** DATA PROVIDED follows **

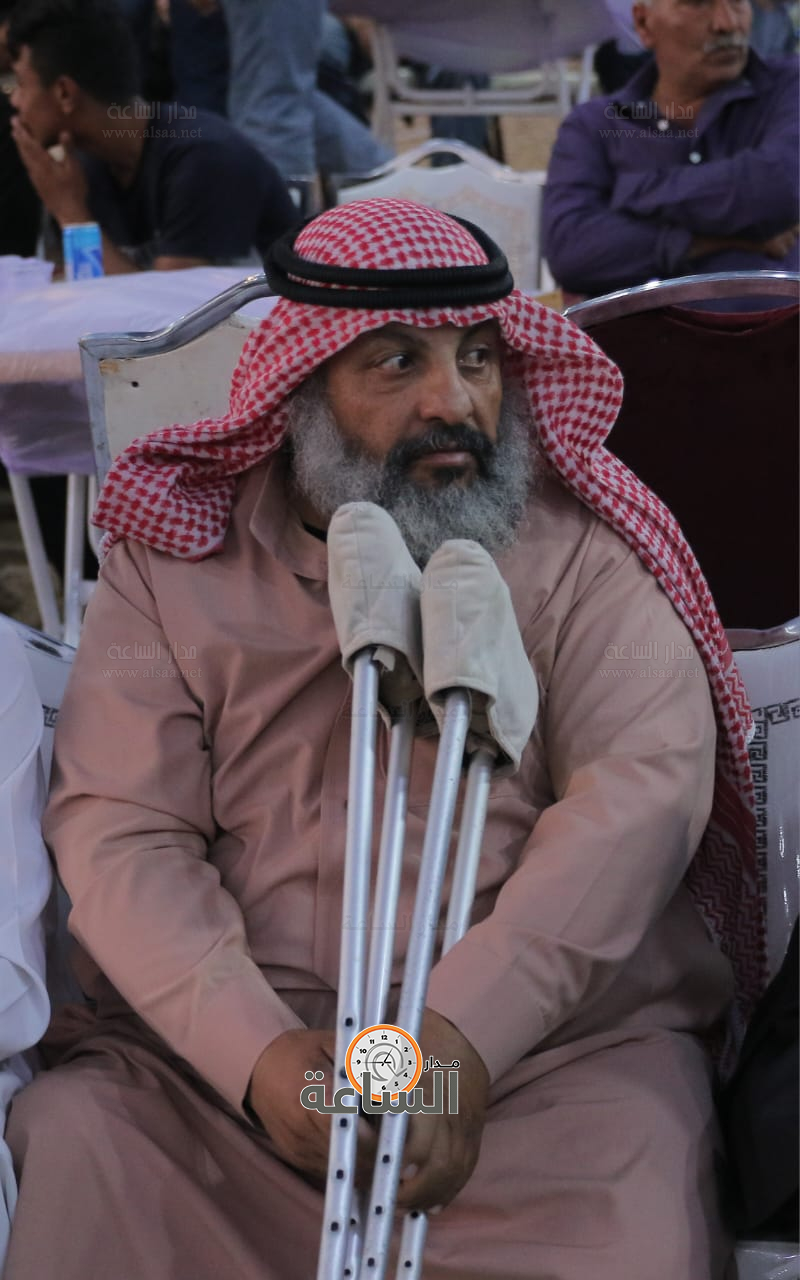 Madar Al-Saa Images 0.5640141928549014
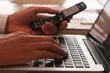 Przyjdź na bezpłatne spotkanie branży internetowej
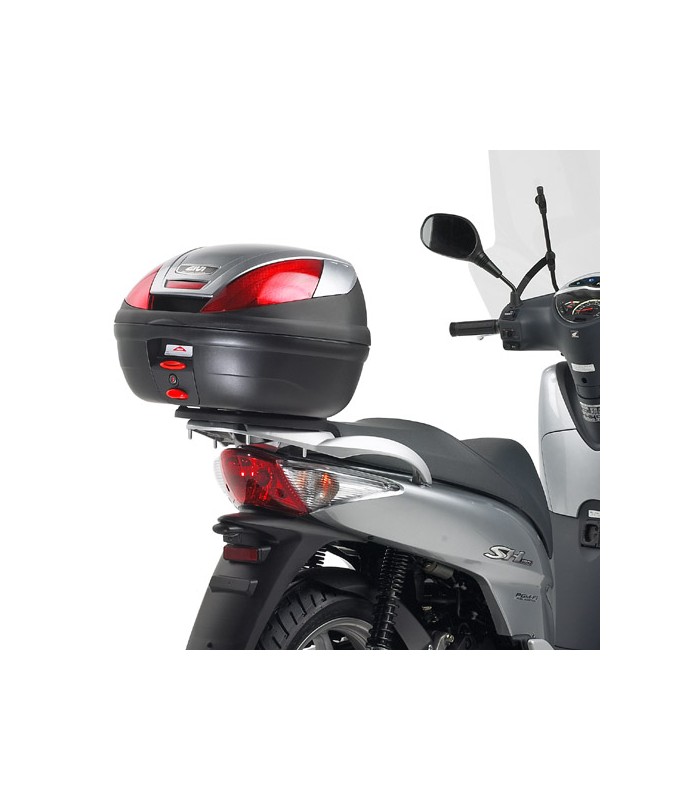 Givi E219 HONDA SH 125i-150i (2005-08)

** End of DATA PROVIDED **

▶ WHAT TO PRODUCE: Line by line, write out the data above exactly, without the pictures.

▶ TASK RESULT:
 Madar Al-Saa Images 0.5640141928549014
 Przyjdź na bezpłatne spotkanie branży internetowej
 Givi E219 HONDA SH 125i-150i (2005-08)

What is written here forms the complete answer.